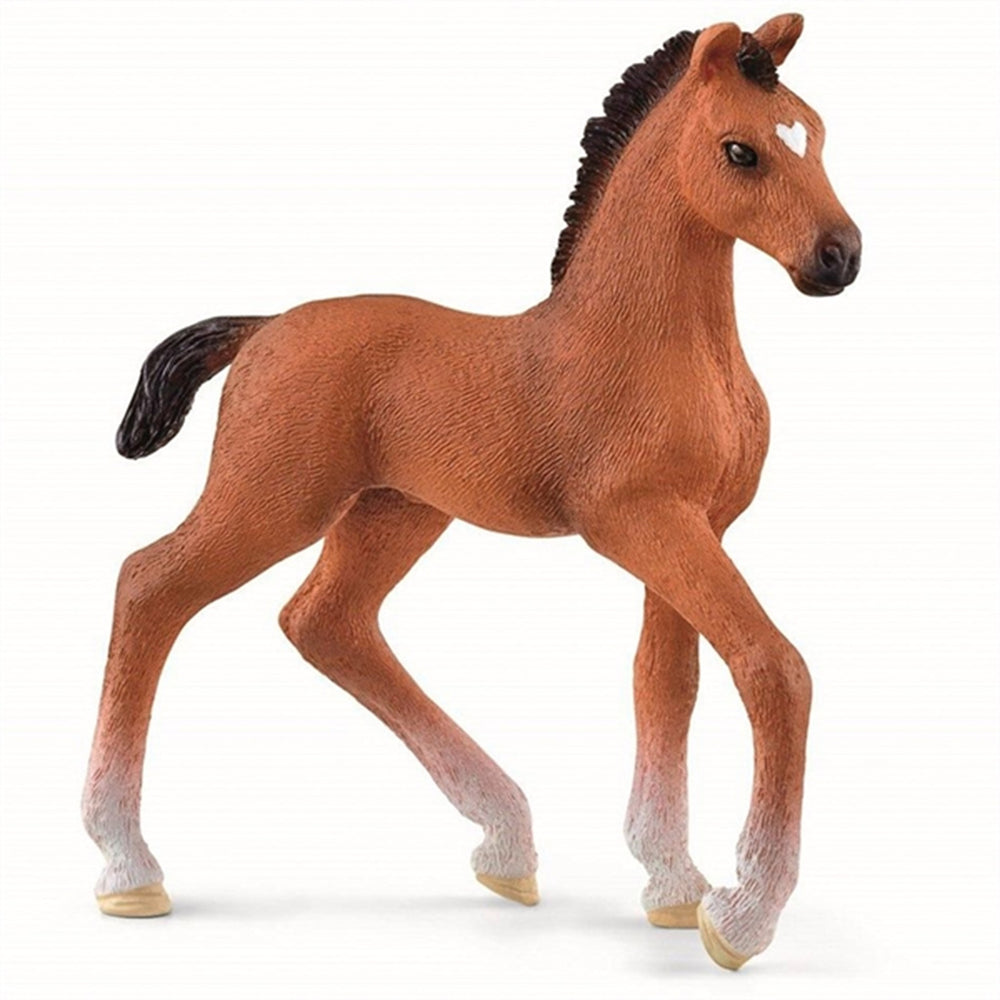 Køb schleich® Horse Club Oldenburger Føl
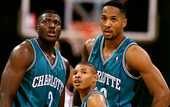 НБА. Шарлотт собирается вернуть цвета Хорнетс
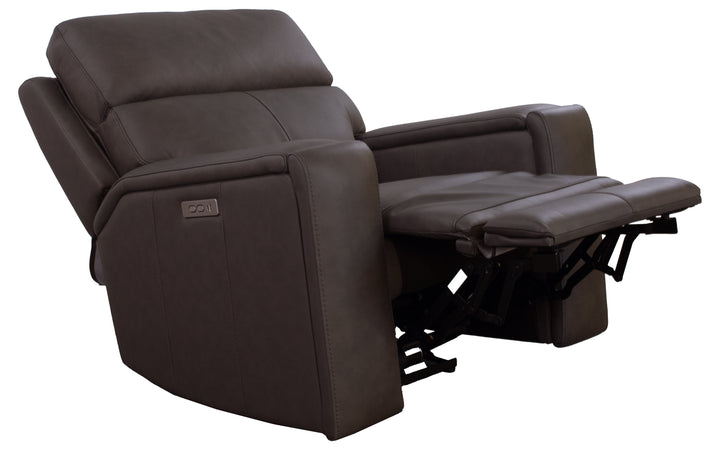 InMotion Leather Power Recliner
_ _ _
TO DO | Restate the material above word for word, dropping the pictures.

EXERCISE ANSWER |
 Køb schleich® Horse Club Oldenburger Føl
 НБА. Шарлотт собирается вернуть цвета Хорнетс
 InMotion Leather Power Recliner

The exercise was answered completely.